La participation des publics

L’encouragement des pouvoirs publics à faire participer les gens peut être perçu comme une injonction pour celles et ceux qui œuvrent sur le terrain. Ce ressenti est légitime quand l’obtention d’un agrément ou d’une subvention est conditionnée par la dite participation…

Une forte participation des publics est très valorisante pour les structures. Le contraire peut engendrer de profondes remises en question quant aux méthodes utilisées et capacités des professionnel·les à mobiliser les gens.

Les témoignages illustrent la multiplicité des problématiques rencontrées :
“Les gens ne participent plus… ou alors certains viennent quand il y a un buffet”
“Les bénévoles sont moins nombreux, il n’y a pas de renouvellement”
“Nous touchons certains groupes sociaux et d’autres très difficilement”
“Les jeunes ne participent qu’à des activités de consommation”
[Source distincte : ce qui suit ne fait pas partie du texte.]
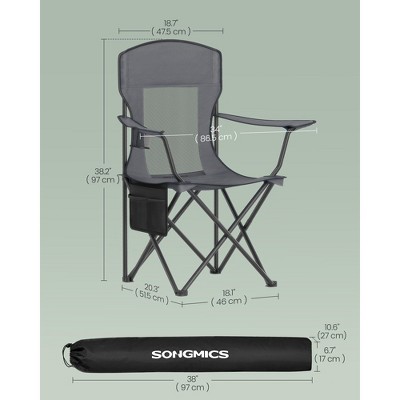 Slate Gray High-Back Steel Frame Foldable Camping Chairs, Set of 2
Mais ces “publics”, à quoi leur demande-t-on de participer vraiment ? De qui vient l’initiative de l’action ? Y a-t-il de véritables enjeux ?

De quoi parle-t-on ?

Nous apportons des éclairages sur la thématique de la participation : quelles sont les conditions de la participation ? Pourquoi « participation des publics » et « pouvoir du professionnel » sont-ils intimement liés ?

Nous réinterrogeons nos postures afin de changer notre rapport aux publics avec lesquels nous travaillons. Pour que de publics – passifs – ils (re)deviennent auteurs. Nous questionnons la méthodologie de projet qui empêche les initiatives et maintient des relations de domination (animateur/animé, décideur/suiveur). Nous appréhendons des méthodes qui ambitionnent de donner de la légitimité et du pouvoir aux gens, de sortir des murs, d’aller à leur rencontre.

Comment fait-on ?

Nous partons d’expériences vécues et d’actions actuelles ou projetées pour que ces journées de formation débouchent sur du concret. Au regard du contexte de la structure et des volontés exprimées, nous déterminons des démarches participatives pertinentes à mettre en place.

Nous expérimentons et analysons des méthodes de formation participatives et impliquantes pour les participant·es, réinvestissables dans leur travail.